Un cor de chasse lance la traque. Le pape flambant blanc aux chaussures vernis rouge sur tapis rouge fait le compte des fauteuils roulants déposés en file indienne, côté cour. Lève-toi et marche ! pense-t-on, le pape, ou Angelica Liddell, feront-t-ils un miracle ? Un chant aigu semblable à un cri strident passe la transparence des rideaux qui ferment les espaces de part et d’autre du plateau. On entre chez les revenants, par l’entremise du metteur en scène, scénariste et réalisateur suédois Ingmar Bergman (1918/2007) et de ses démons dans lesquels la metteure en scène se reconnaît. « Le théâtre est la porte de l’enfer » lance -t-elle, comme une dämone.

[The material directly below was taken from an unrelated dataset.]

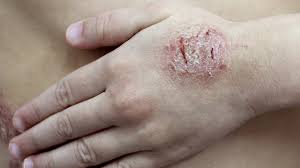 Image result for Eczema nummulare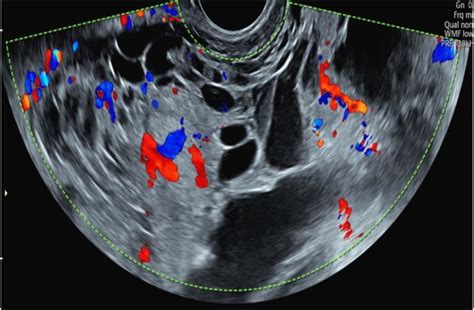 Ultrasound Assessment With Endovaginal Download Scientific Diagram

Une bande son au rythme autoritaire accompagne le personnage de petite taille qui traverse le plateau d’un pas décidé, porteur d’un blason-tête de mort et de lunettes noires, avant de s’arrêter au centre du plateau. Serait-ce la mort ? Des croque-morts viennent le chercher et l’on entend quelques phrases sorties du carnet de travail de Bergman, en juin 1964 : « Quand je mourrai tu porteras mon cercueil jusqu’à ma tombe… » Ce carnet noir sera le fil rouge du spectacle pour une Angelica Liddell toréadore.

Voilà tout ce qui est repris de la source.